(Items from a data source)
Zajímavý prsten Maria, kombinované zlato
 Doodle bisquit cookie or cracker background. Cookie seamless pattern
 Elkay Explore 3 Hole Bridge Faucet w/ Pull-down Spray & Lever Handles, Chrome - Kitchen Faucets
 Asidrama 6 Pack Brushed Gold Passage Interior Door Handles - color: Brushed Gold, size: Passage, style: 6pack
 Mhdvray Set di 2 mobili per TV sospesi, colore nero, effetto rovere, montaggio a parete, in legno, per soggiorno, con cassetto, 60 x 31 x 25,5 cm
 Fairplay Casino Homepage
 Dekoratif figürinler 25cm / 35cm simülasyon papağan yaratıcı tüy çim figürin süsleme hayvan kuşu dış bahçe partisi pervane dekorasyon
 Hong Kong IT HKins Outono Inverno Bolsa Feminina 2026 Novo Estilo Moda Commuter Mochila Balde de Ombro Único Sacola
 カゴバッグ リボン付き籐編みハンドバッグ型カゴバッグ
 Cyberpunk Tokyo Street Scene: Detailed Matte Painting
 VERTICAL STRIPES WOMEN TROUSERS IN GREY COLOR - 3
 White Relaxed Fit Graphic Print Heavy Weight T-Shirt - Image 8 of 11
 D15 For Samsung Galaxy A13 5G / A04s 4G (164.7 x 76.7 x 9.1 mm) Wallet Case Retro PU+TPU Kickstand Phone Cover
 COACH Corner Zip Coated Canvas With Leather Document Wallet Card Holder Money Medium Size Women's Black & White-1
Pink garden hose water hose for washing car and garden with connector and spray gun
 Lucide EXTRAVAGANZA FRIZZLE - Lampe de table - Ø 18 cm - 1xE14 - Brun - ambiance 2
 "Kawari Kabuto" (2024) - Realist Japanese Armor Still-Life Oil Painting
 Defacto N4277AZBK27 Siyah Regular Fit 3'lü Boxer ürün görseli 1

# Activity:
Every record above is to be copied out again exactly as written.

# Result below:
Zajímavý prsten Maria, kombinované zlato
 Doodle bisquit cookie or cracker background. Cookie seamless pattern
 Elkay Explore 3 Hole Bridge Faucet w/ Pull-down Spray & Lever Handles, Chrome - Kitchen Faucets
 Asidrama 6 Pack Brushed Gold Passage Interior Door Handles - color: Brushed Gold, size: Passage, style: 6pack
 Mhdvray Set di 2 mobili per TV sospesi, colore nero, effetto rovere, montaggio a parete, in legno, per soggiorno, con cassetto, 60 x 31 x 25,5 cm
 Fairplay Casino Homepage
 Dekoratif figürinler 25cm / 35cm simülasyon papağan yaratıcı tüy çim figürin süsleme hayvan kuşu dış bahçe partisi pervane dekorasyon
 Hong Kong IT HKins Outono Inverno Bolsa Feminina 2026 Novo Estilo Moda Commuter Mochila Balde de Ombro Único Sacola
 カゴバッグ リボン付き籐編みハンドバッグ型カゴバッグ
 Cyberpunk Tokyo Street Scene: Detailed Matte Painting
 VERTICAL STRIPES WOMEN TROUSERS IN GREY COLOR - 3
 White Relaxed Fit Graphic Print Heavy Weight T-Shirt - Image 8 of 11
 D15 For Samsung Galaxy A13 5G / A04s 4G (164.7 x 76.7 x 9.1 mm) Wallet Case Retro PU+TPU Kickstand Phone Cover
 COACH Corner Zip Coated Canvas With Leather Document Wallet Card Holder Money Medium Size Women's Black & White-1
Pink garden hose water hose for washing car and garden with connector and spray gun
 Lucide EXTRAVAGANZA FRIZZLE - Lampe de table - Ø 18 cm - 1xE14 - Brun - ambiance 2
 "Kawari Kabuto" (2024) - Realist Japanese Armor Still-Life Oil Painting
 Defacto N4277AZBK27 Siyah Regular Fit 3'lü Boxer ürün görseli 1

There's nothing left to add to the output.